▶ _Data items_
....
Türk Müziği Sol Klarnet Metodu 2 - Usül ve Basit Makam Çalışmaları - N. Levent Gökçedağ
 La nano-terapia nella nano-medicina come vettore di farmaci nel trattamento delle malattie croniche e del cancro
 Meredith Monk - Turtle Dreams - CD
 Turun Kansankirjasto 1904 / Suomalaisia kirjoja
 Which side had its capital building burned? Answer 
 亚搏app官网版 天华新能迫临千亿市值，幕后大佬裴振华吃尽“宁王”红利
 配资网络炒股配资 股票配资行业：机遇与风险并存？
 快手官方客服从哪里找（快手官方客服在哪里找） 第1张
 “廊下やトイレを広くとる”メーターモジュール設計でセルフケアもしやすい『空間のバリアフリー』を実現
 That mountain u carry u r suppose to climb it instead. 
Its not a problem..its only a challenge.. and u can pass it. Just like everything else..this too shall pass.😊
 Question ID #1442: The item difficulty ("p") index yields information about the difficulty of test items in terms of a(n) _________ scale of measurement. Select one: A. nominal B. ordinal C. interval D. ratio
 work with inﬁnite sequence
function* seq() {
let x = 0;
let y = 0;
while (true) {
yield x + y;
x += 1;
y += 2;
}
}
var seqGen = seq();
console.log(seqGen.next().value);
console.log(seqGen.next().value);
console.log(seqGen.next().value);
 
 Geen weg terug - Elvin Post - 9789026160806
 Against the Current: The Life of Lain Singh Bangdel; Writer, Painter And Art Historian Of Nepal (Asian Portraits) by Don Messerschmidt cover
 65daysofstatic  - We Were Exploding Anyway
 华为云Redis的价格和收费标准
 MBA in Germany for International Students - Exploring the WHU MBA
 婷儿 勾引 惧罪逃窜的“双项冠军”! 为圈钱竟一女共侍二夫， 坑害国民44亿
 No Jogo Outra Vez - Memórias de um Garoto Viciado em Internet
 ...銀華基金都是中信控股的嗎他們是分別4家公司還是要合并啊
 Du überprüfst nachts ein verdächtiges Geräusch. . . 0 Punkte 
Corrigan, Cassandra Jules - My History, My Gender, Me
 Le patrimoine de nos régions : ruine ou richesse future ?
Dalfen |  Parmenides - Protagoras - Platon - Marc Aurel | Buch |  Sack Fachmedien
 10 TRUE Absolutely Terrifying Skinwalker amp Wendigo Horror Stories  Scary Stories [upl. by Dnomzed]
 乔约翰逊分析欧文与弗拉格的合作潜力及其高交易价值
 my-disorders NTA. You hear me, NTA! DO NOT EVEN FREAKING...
....
▶ _ACTION ITEM_
The last part of the records is the answer, beginning at the line that holds "Du überprüfst nachts" and including the final line, repeated exactly.

▶ _OUTPUT OF THE TASK_
 Du überprüfst nachts ein verdächtiges Geräusch. . . 0 Punkte 
Corrigan, Cassandra Jules - My History, My Gender, Me
 Le patrimoine de nos régions : ruine ou richesse future ?
Dalfen |  Parmenides - Protagoras - Platon - Marc Aurel | Buch |  Sack Fachmedien
 10 TRUE Absolutely Terrifying Skinwalker amp Wendigo Horror Stories  Scary Stories [upl. by Dnomzed]
 乔约翰逊分析欧文与弗拉格的合作潜力及其高交易价值
 my-disorders NTA. You hear me, NTA! DO NOT EVEN FREAKING...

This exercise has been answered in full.